» **Instructions for the task**
There is one span to output from the data below: the lines starting at the line with "Set of 5 Mini Sneaker Keychains - photo 5" and ending at the line with "18 Adelaide Road, Teddington, TW11 0AY". Output it exactly, ends included, nothing more.

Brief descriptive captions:
☆ ☆ ☆ ☆

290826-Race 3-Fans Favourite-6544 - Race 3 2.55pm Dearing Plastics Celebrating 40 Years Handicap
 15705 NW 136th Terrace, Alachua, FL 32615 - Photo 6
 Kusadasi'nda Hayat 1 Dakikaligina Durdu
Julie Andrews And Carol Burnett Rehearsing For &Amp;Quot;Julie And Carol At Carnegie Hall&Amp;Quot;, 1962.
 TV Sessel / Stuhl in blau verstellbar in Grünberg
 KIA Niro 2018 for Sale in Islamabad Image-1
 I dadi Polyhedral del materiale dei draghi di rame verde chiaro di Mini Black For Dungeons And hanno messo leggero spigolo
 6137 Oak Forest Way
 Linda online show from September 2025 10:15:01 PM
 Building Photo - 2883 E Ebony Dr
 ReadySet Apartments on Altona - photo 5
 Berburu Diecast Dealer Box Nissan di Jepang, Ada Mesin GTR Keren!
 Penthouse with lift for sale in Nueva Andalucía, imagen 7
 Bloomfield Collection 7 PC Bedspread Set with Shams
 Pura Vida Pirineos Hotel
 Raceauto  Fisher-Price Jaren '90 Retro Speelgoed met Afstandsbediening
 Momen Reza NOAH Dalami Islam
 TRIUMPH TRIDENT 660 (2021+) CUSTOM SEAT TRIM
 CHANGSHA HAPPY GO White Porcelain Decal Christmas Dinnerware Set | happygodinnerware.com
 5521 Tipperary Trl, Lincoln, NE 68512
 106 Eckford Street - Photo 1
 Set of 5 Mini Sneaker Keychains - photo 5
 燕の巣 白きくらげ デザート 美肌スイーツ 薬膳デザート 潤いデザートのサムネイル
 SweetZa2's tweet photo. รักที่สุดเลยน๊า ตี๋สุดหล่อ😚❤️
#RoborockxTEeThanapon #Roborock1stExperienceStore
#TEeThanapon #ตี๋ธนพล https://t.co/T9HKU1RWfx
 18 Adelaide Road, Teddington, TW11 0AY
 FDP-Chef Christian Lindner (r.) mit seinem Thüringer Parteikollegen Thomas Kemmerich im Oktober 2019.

☆ ☆ ☆ ☆

» **Exercise solution**
 Set of 5 Mini Sneaker Keychains - photo 5
 燕の巣 白きくらげ デザート 美肌スイーツ 薬膳デザート 潤いデザートのサムネイル
 SweetZa2's tweet photo. รักที่สุดเลยน๊า ตี๋สุดหล่อ😚❤️
#RoborockxTEeThanapon #Roborock1stExperienceStore
#TEeThanapon #ตี๋ธนพล https://t.co/T9HKU1RWfx
 18 Adelaide Road, Teddington, TW11 0AY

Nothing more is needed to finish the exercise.